## PROBLEM DESCRIPTION
Could you copy the records below exactly, leaving out any pictures they include?
-----
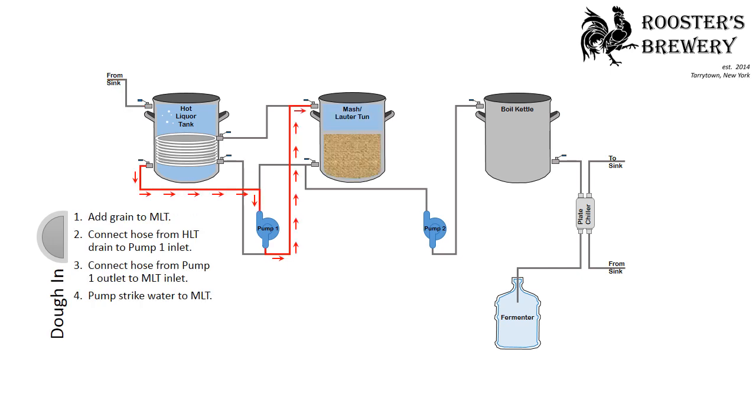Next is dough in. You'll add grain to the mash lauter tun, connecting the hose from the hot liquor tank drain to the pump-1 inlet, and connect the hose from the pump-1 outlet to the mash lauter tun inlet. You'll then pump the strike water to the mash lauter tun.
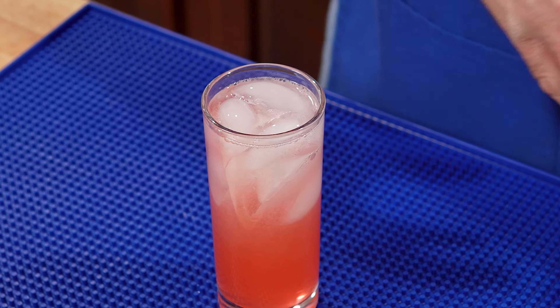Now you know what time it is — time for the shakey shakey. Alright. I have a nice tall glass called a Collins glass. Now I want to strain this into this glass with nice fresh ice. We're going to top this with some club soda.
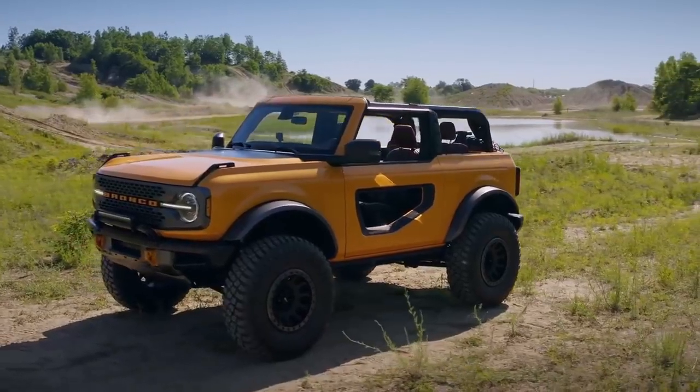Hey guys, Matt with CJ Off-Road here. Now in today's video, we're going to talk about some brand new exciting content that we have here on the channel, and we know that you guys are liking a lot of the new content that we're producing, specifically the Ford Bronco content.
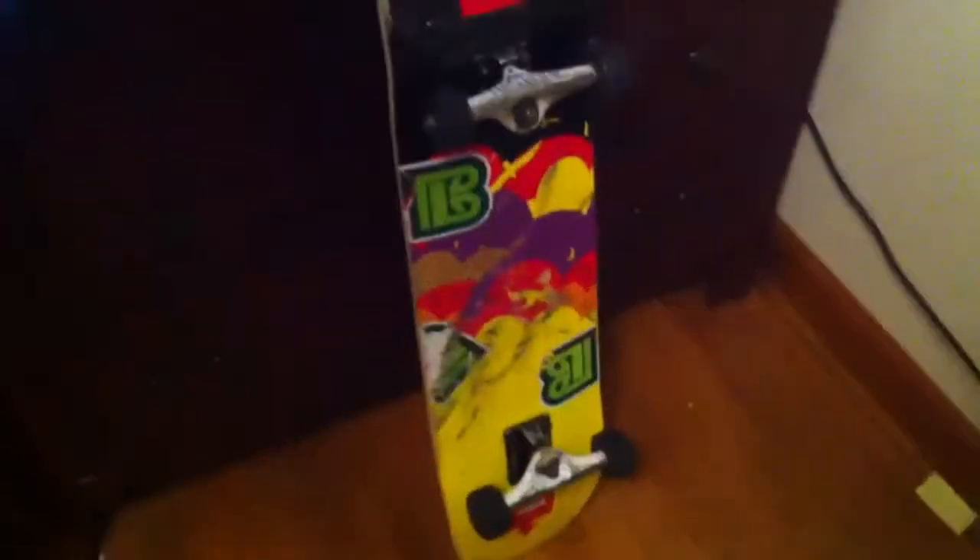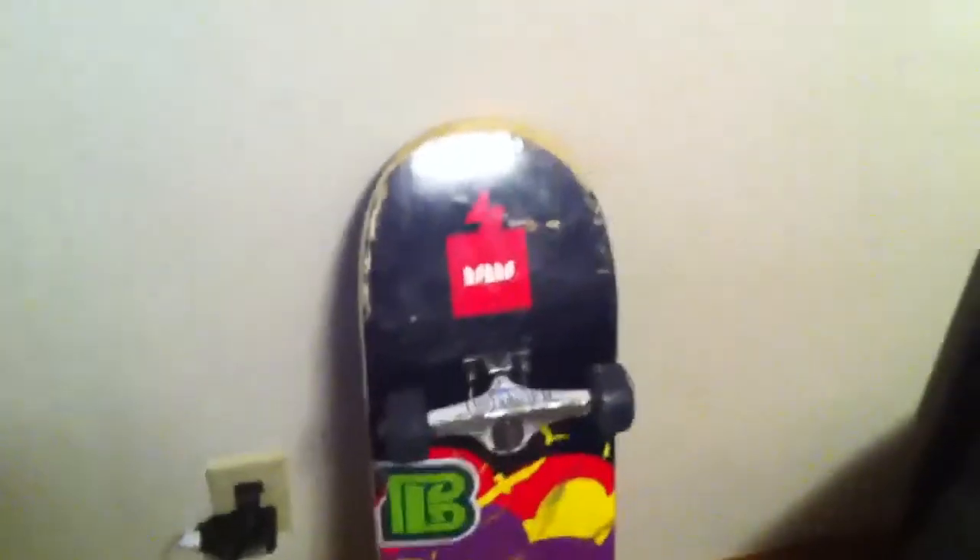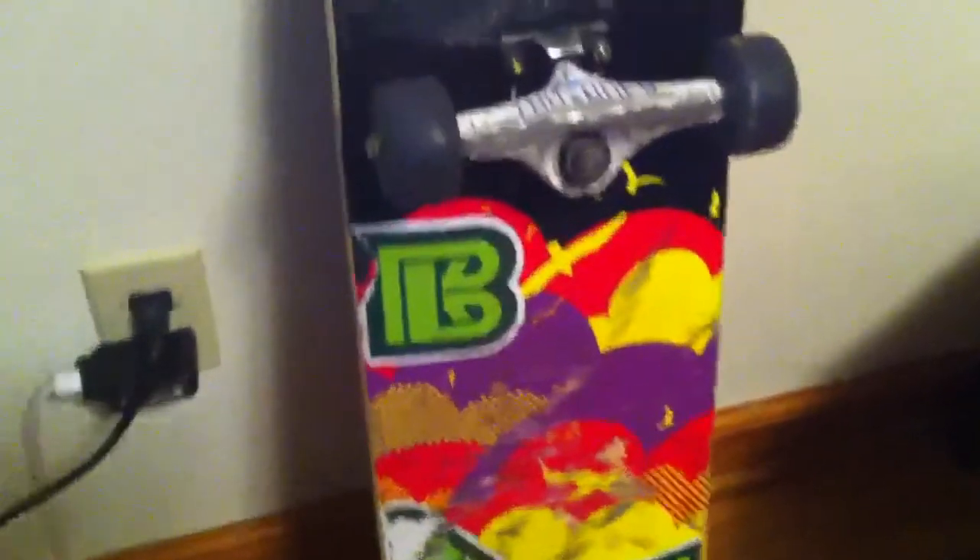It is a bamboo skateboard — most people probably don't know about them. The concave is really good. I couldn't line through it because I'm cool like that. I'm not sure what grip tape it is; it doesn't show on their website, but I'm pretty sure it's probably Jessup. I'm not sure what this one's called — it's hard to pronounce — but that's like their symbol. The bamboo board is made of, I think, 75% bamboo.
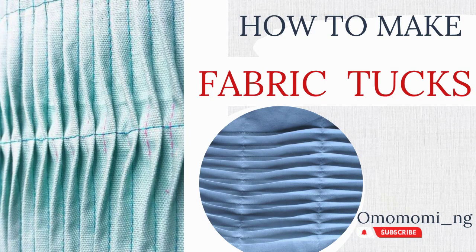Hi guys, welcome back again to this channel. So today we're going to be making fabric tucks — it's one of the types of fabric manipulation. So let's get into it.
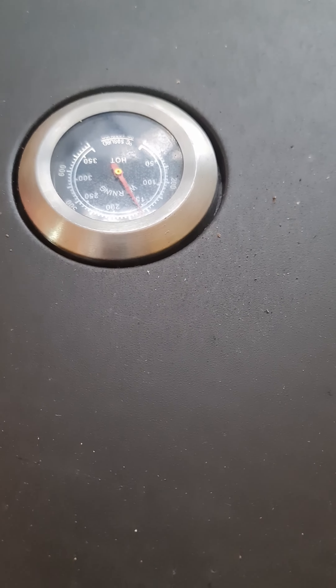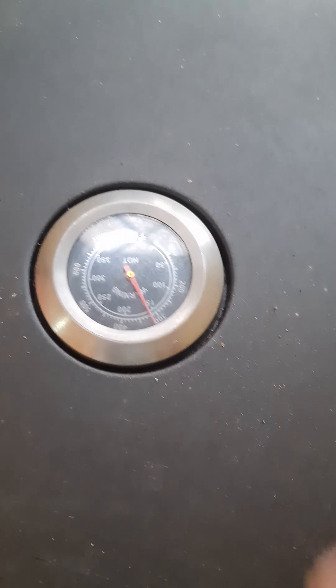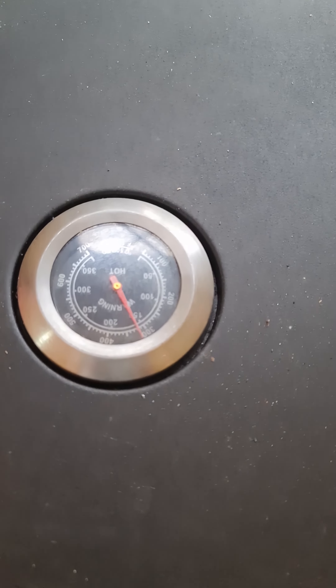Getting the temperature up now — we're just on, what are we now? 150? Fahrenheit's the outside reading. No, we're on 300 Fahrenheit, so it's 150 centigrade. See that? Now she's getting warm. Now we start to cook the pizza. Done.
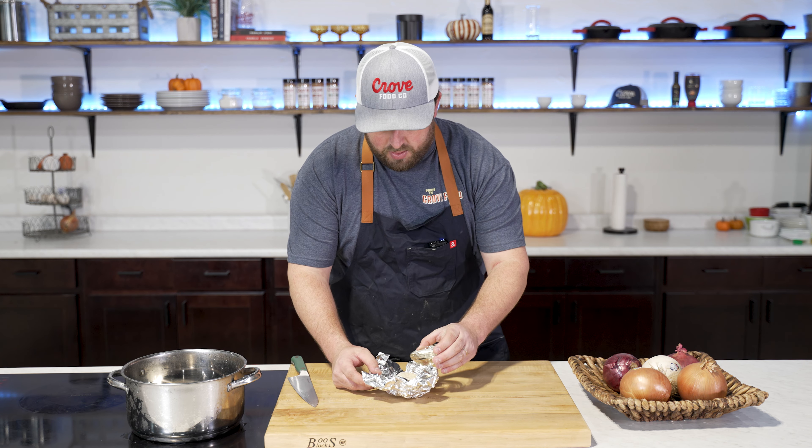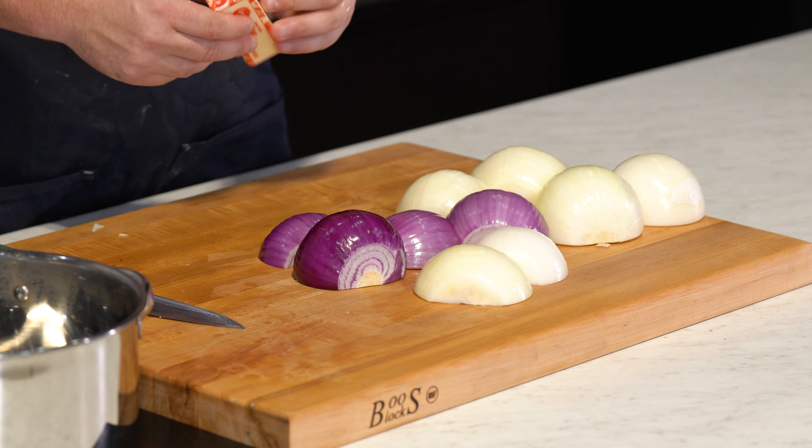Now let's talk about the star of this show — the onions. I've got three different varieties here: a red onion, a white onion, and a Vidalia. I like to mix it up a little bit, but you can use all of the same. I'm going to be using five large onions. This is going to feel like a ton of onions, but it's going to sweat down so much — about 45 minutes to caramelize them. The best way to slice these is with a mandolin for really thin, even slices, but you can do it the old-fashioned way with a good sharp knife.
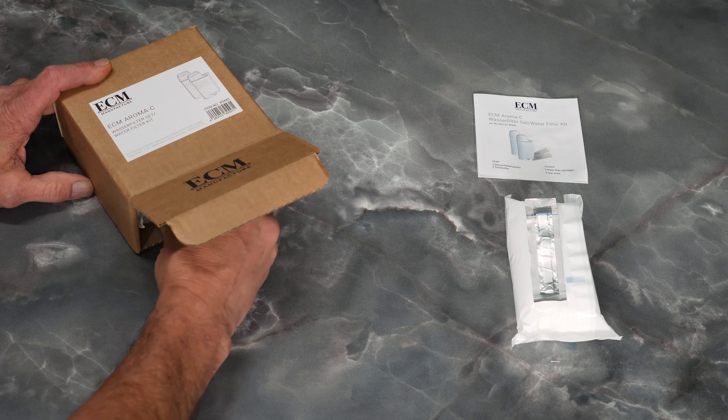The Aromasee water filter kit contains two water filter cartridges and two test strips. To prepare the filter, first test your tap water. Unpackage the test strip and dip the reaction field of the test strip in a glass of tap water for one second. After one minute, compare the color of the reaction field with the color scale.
-----
## RESPONSE FOR THIS EXERCISE
Next is dough in. You'll add grain to the mash lauter tun, connecting the hose from the hot liquor tank drain to the pump-1 inlet, and connect the hose from the pump-1 outlet to the mash lauter tun inlet. You'll then pump the strike water to the mash lauter tun.
Now you know what time it is — time for the shakey shakey. Alright. I have a nice tall glass called a Collins glass. Now I want to strain this into this glass with nice fresh ice. We're going to top this with some club soda.
Hey guys, Matt with CJ Off-Road here. Now in today's video, we're going to talk about some brand new exciting content that we have here on the channel, and we know that you guys are liking a lot of the new content that we're producing, specifically the Ford Bronco content.
It is a bamboo skateboard — most people probably don't know about them. The concave is really good. I couldn't line through it because I'm cool like that. I'm not sure what grip tape it is; it doesn't show on their website, but I'm pretty sure it's probably Jessup. I'm not sure what this one's called — it's hard to pronounce — but that's like their symbol. The bamboo board is made of, I think, 75% bamboo.
Hi guys, welcome back again to this channel. So today we're going to be making fabric tucks — it's one of the types of fabric manipulation. So let's get into it.
Getting the temperature up now — we're just on, what are we now? 150? Fahrenheit's the outside reading. No, we're on 300 Fahrenheit, so it's 150 centigrade. See that? Now she's getting warm. Now we start to cook the pizza. Done.
Now let's talk about the star of this show — the onions. I've got three different varieties here: a red onion, a white onion, and a Vidalia. I like to mix it up a little bit, but you can use all of the same. I'm going to be using five large onions. This is going to feel like a ton of onions, but it's going to sweat down so much — about 45 minutes to caramelize them. The best way to slice these is with a mandolin for really thin, even slices, but you can do it the old-fashioned way with a good sharp knife.
The Aromasee water filter kit contains two water filter cartridges and two test strips. To prepare the filter, first test your tap water. Unpackage the test strip and dip the reaction field of the test strip in a glass of tap water for one second. After one minute, compare the color of the reaction field with the color scale.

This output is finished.